Down the street, there marched a throng,
Arm in arm to right the wrong
Of rights unequal for so long.
Their very presence was a cause
Of hate for some, for some applause,
But hate had hold upon the laws.
These laws to justice were opposed,
And so they marched and re-exposed
The rights the Founders first proposed.
Change is born from word and deed,
From marching feet and wounds that bleed,
And truth we may not want but need.
MPAA rating: PG-13 (for street violence and language)
I had wanted to review Selma in February in honor of Black History Month, but as usual this year, I’m a little late. At least now I’m on track with the whole one-Blindspot-per-month schedule. As I expected when I chose it as a Blindspot, Selma turned out to be an ideal choice for Black History Month, covering an important period of the civil rights movement and offering a compelling portrayal of the man behind so much of it, Dr. Martin Luther King, Jr.
David Oyelowo plays Dr. King, and I’m still shocked that he wasn’t even nominated for a Best Actor Oscar that year. It’s a career-defining performance that reminded me of Gary Oldman’s turn as Winston Churchill in Darkest Hour, in that it presented a great man and what made him great while depicting his low moments and acknowledging his imperfections. Oyelowo especially excels in the reenactments of King’s impassioned and eloquent speeches, and the supporting cast is equally stellar, from Carmen Ejogo as his long-suffering wife to Tom Wilkinson as a grudgingly helpful President Johnson. The whole ensemble contributes to an engagingly personal history lesson, from established actors like Tim Roth and Oprah to then-newcomers who have become more well-known in the years since, such as Lakeith Stanfield and Tessa Thompson.

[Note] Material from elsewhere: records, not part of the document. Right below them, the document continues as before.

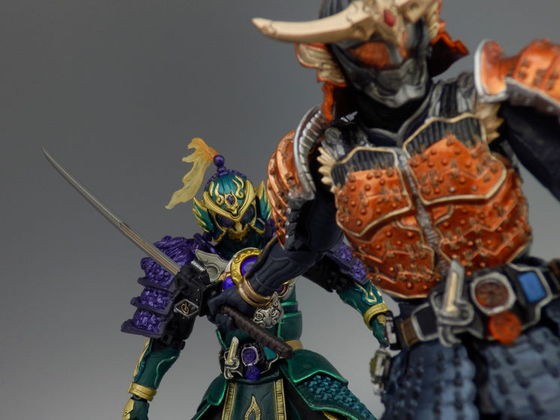 S.I.C仮面ライダー龍幻ブドウアームズ S.I.C. 仮面ライダー龍玄 ブドウアームズ | 魂ウェブ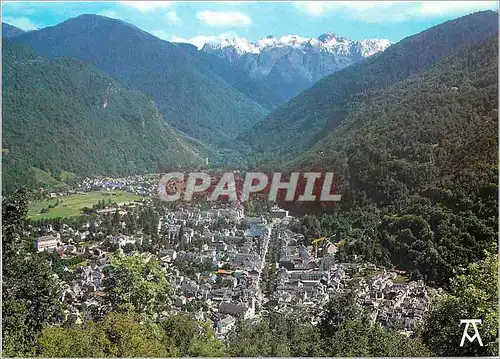 Cartes postales moderne Les Pyrenees Luchon Vue generale et les Pyrenees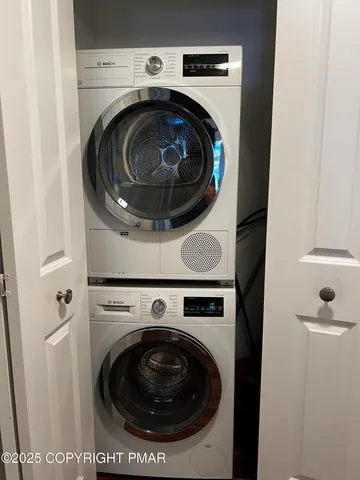 $2,200 | 105 Wills Court, Bushkill, PA 18324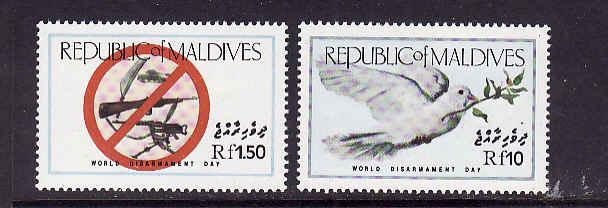 Maldives-Sc#1149-50-unused NH set-Birds-1986-World Disarmame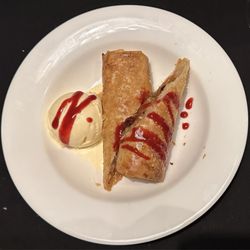 Piatto Italian Kitchen - Peach cobbler with ice cream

My VC thought Selma had the slight feel of a TV movie, and some critics have nitpicked its historical accuracy, but more often than not, Selma felt to me like watching real, immediate history, which is the best compliment that can be offered to a historical drama. It presents uncomfortable truths tastefully, such as the doubts surrounding King’s potential adultery, and shows the horrors of hate and prejudice in ways that are powerful but not graphic. While King certainly preaches, the film doesn’t too much, letting its story develop its themes, such as non-violence; for example, King’s assertions that their efforts need to be noticed by white America are fulfilled when the Selma march is joined by white religious leaders and supporters from across the country, lending greater numbers and prominence to the event.

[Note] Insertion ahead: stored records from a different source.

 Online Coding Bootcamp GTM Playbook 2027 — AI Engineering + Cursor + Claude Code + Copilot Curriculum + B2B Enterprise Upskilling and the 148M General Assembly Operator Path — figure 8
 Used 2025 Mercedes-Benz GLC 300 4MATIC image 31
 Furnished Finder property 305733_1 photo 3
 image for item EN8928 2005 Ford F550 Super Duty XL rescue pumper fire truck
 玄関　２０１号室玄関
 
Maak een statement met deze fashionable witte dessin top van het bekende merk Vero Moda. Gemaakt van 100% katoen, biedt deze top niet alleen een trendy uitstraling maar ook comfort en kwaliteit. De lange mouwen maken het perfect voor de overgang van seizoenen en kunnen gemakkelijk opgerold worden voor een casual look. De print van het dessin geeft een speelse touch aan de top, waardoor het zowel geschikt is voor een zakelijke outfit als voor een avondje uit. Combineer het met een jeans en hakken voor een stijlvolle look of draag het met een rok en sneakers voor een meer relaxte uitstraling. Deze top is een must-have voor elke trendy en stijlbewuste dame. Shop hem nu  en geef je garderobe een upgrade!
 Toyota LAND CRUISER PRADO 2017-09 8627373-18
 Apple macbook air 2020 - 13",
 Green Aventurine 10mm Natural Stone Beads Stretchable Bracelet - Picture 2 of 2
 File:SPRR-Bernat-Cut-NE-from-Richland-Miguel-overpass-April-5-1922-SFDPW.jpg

I don’t know why it took so long for me to watch Selma, but I’m glad I did, even if I’m left annoyed that it didn’t get more Oscar love that year. (It did win Best Original Song for “Glory,” which ironically was the one thing I didn’t care for, not being a fan of rap.) The only criticism I have is that it might be hard to keep track of all the characters if you’re unfamiliar with the history. Nevertheless, this feels like an essential film for not just black history but American history. With its laudable lead performance and rousing conclusion, Selma deserves to be ranked among the greatest historical films.
Best line: (Dr. King) “Our lives are not fully lived if we’re not willing to die for those we love, for what we believe.”